A jilted bride weeps on an empty beach, a local doctor is attacked in an isolated churchyard - trouble has come at a bad time to Morfi, just as the backwater village is making headlines with a visit from a national government minister. Fortunately, where there's trouble there's Hermes Diaktoros, the mysterious fat man whose tennis shoes are always pristine and whose investigative methods are always unorthodox.

It's tough being a Detective Senior Sergeant in the Sex Crimes unit. DSS Stevie Hooper is fighting to balance the seamier side of being a cop with her role as a mother. And her latest case is not going to make it any easier.

Jay Porter is not the lawyer he set out to be, but he's long since made peace with the American Dream and carefully tucked away his darkest sins. Jay believes he can make a fresh start in Houston, Texas, until the night in a boat out on the bayou when he impulsively saves a woman from drowning - and opens a Pandora's box. Her secrets put Jay in danger, ensnaring him in a murder investigation that could cost him his practice, his family and even his life. But before he can get to the bottom of the tangled mystery that reaches into the upper echelons of Houston's corporate power brokers, Jay must confront the demons of his past.

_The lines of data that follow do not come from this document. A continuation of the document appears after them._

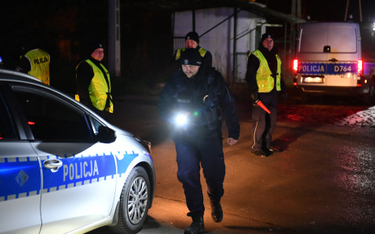 Policjanci na miejscu eksplozji w Przewodowie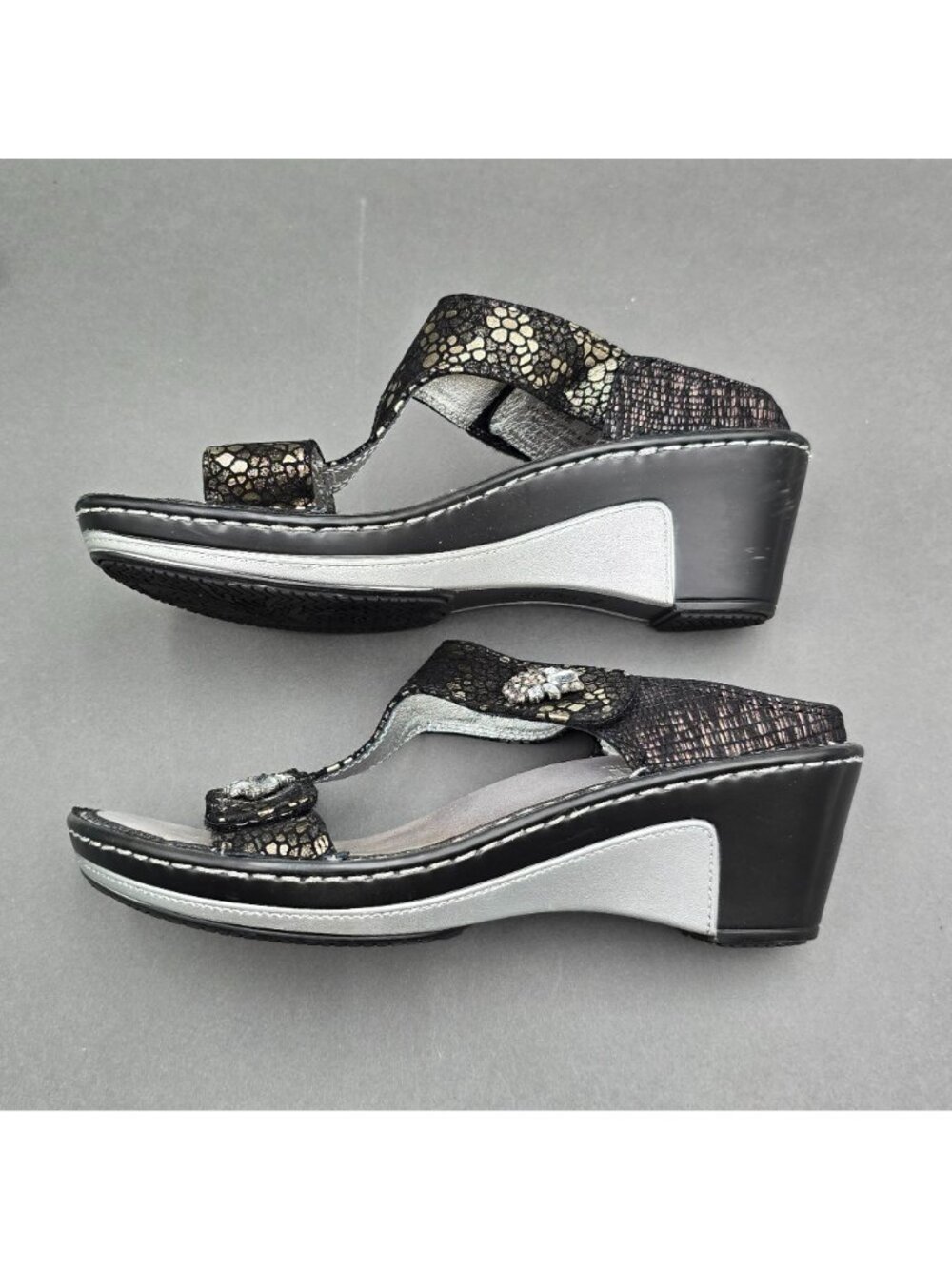 Alegria Lara Pewter Mosaic Wedge Sandals Size 37 T-Strap Comfort Slide - Picture 4 of 13
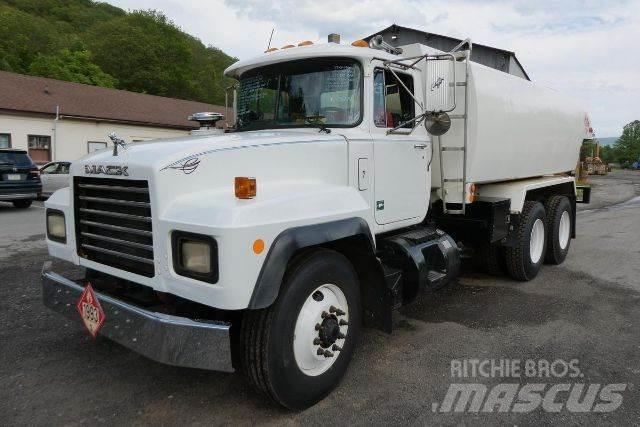 Mack RD688S Kamioni cisterne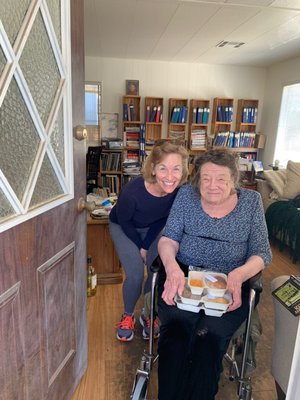 Meals On Wheels West by null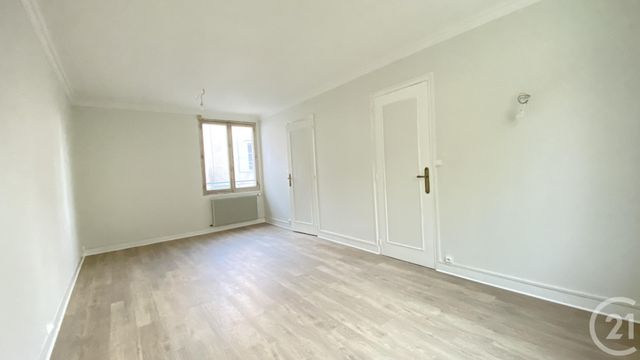 maison à louer - 5 pièces - 104.77 m2 - CHARTRES - 28 - CENTRE - Century 21 Maitrejean Immobilier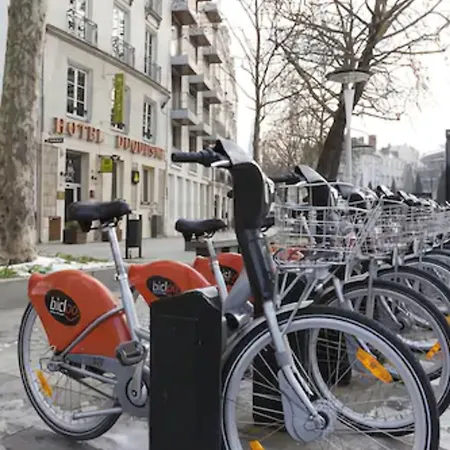 Hotel Logis Duquesne 2*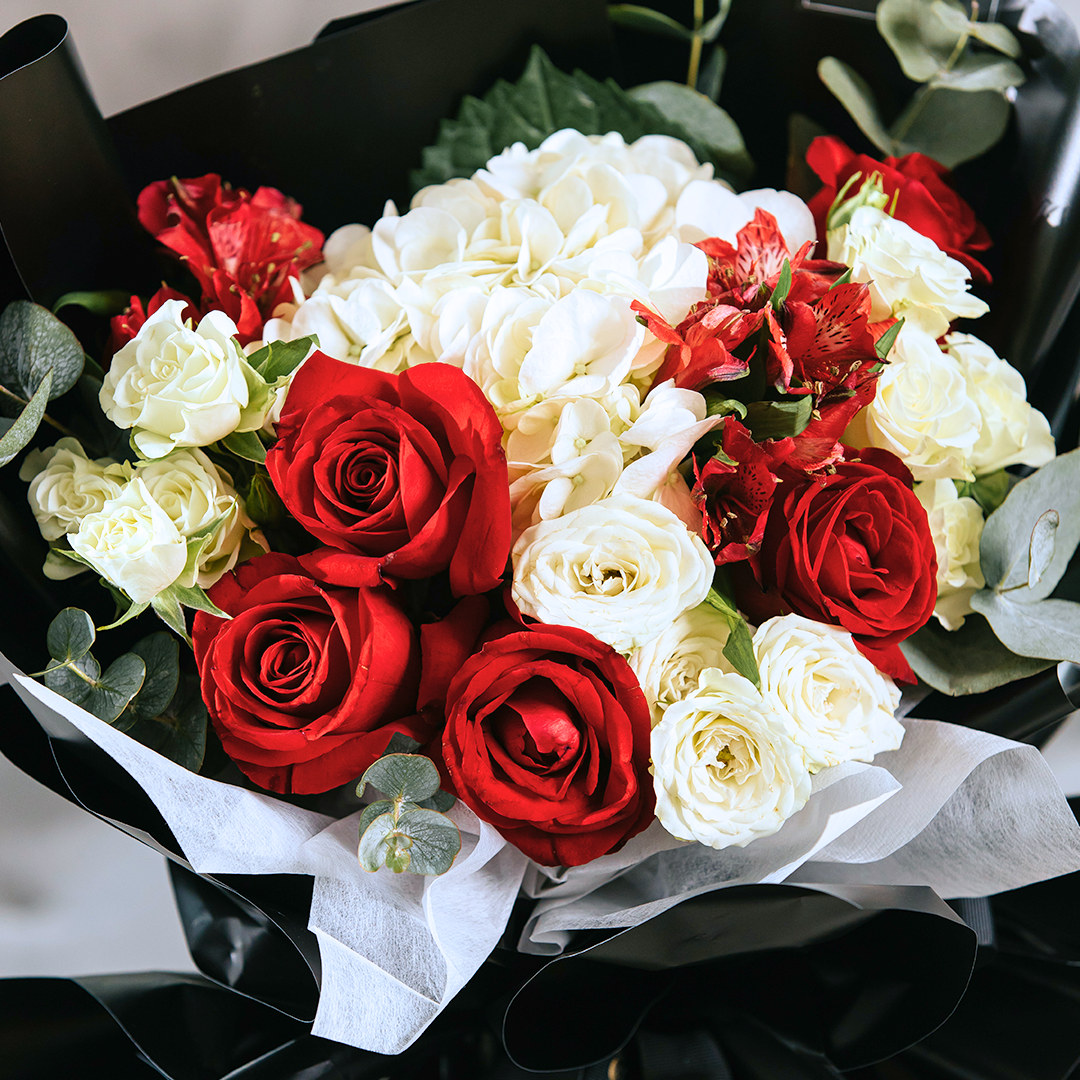 Pinacle Red White Hydrangea Hand Bouquet 4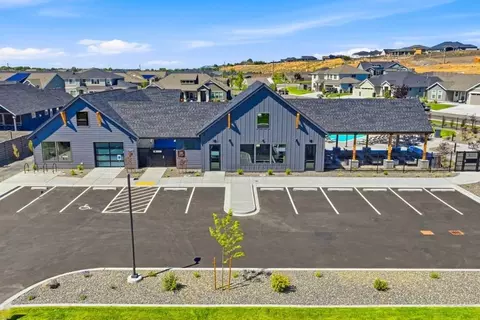 Exterior - 5716 Flathead Ave, Pasco, WA 99301 photo 6 of 7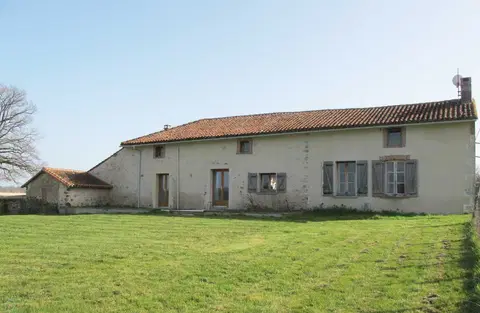 Foto van corps de ferme · LUCHAPT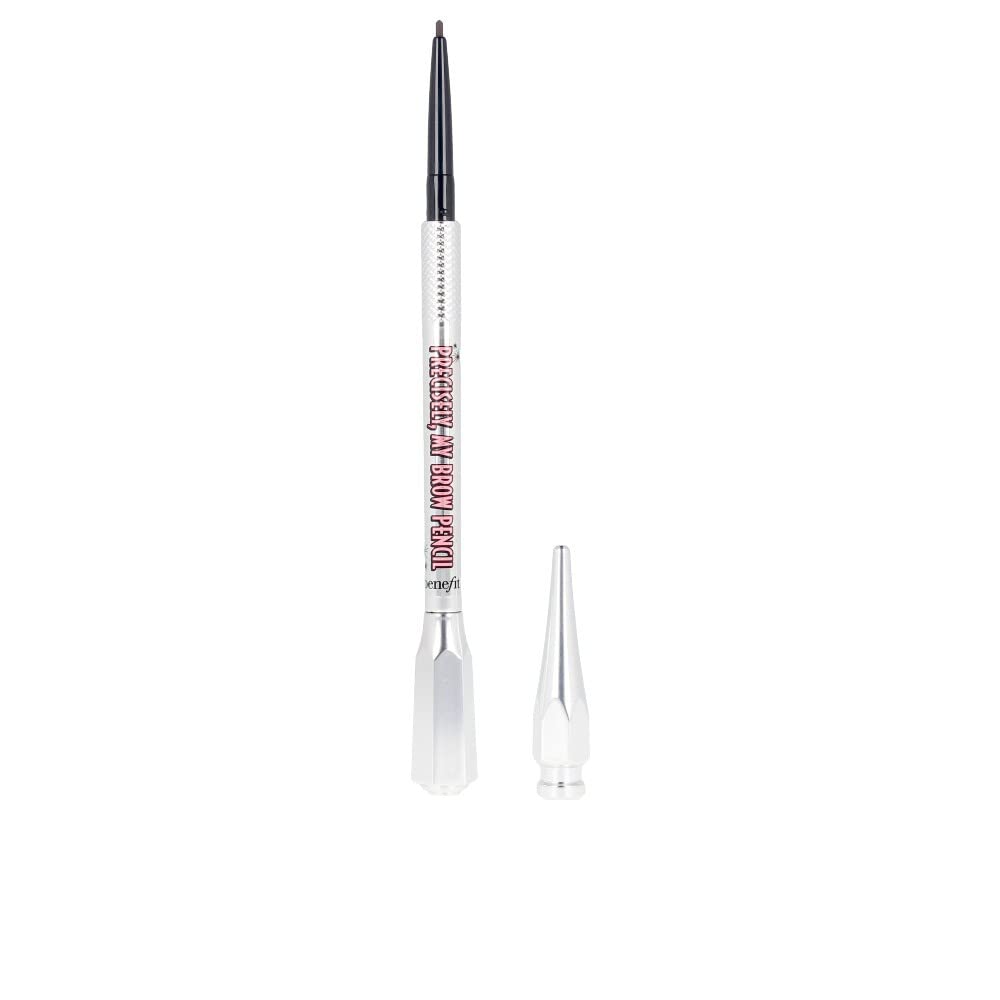 Benefit lápiz de cejas con punta ultra fina para trazos naturales.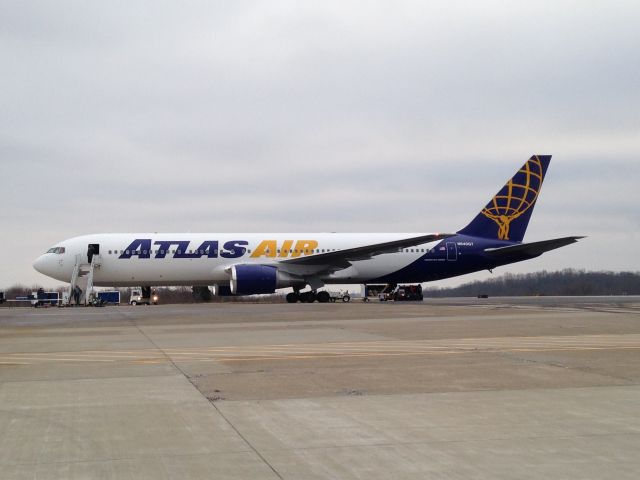 BOEING 767-300 (N640GT) - First time a 767 has arrived at HTS.  Carrying 250 pax to a football game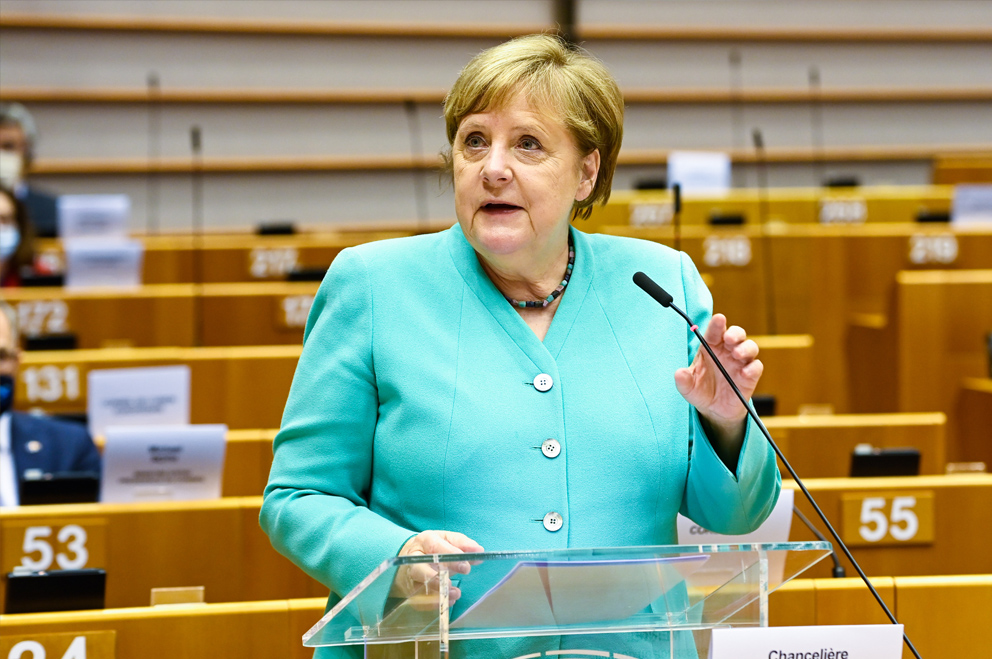 Foto von Bundeskanzlerin Angela Merkel bei ihrer Rede vor dem Europäischen Parlament.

So it was an interesting month on the review front - in terms of my own reviews, I had the highest and equal lowest-rated books, and my fellow reviewer Daniel O'Brien was pretty unimpressed by a book that has been shortlisted for several prestigious crime writing awards.

Have you read Good Reading? What do you think of the magazine? What crime/thriller authors would you like to see interviewed and featured in future? Have you read any of the books or authors reviewed of featured? What do you think of them? Do you agree with the ratings? Suggestions, thoughts, and comments welcome.